Top of Data shown

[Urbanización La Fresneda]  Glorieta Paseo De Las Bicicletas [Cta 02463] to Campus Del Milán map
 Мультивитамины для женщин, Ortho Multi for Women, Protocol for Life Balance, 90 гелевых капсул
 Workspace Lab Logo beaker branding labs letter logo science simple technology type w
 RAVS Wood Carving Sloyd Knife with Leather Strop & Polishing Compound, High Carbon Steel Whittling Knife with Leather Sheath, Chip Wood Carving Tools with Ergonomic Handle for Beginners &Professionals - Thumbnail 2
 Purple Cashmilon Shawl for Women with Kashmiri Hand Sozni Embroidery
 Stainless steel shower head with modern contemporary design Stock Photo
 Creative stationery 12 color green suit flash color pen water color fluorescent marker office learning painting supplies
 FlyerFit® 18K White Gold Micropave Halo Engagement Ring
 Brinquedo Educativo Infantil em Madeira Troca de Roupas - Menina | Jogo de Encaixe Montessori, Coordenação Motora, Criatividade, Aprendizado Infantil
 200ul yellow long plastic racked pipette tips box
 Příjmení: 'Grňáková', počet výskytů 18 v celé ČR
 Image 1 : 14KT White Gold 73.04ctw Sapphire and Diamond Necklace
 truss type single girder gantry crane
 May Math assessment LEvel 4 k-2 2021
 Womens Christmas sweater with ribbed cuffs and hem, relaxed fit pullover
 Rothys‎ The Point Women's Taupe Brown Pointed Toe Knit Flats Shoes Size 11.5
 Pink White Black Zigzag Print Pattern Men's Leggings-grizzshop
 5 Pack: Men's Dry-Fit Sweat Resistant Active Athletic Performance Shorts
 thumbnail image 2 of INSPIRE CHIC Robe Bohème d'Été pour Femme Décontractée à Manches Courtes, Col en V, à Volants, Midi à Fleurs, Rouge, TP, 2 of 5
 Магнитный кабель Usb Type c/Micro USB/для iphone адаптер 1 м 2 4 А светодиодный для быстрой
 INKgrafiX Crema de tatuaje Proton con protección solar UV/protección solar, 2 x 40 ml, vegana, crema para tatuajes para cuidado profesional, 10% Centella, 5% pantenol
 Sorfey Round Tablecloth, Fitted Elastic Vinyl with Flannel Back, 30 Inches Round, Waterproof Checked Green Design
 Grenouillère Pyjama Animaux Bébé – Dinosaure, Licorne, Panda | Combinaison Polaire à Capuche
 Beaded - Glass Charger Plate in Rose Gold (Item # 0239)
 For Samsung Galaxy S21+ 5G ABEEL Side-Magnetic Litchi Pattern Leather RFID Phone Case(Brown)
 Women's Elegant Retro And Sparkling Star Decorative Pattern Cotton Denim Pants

Bottom of Data shown

◆ Task goal: Search the data for the string "Leather" and copy out every line where it is found.

◆ The answer:
 RAVS Wood Carving Sloyd Knife with Leather Strop & Polishing Compound, High Carbon Steel Whittling Knife with Leather Sheath, Chip Wood Carving Tools with Ergonomic Handle for Beginners &Professionals - Thumbnail 2
 For Samsung Galaxy S21+ 5G ABEEL Side-Magnetic Litchi Pattern Leather RFID Phone Case(Brown)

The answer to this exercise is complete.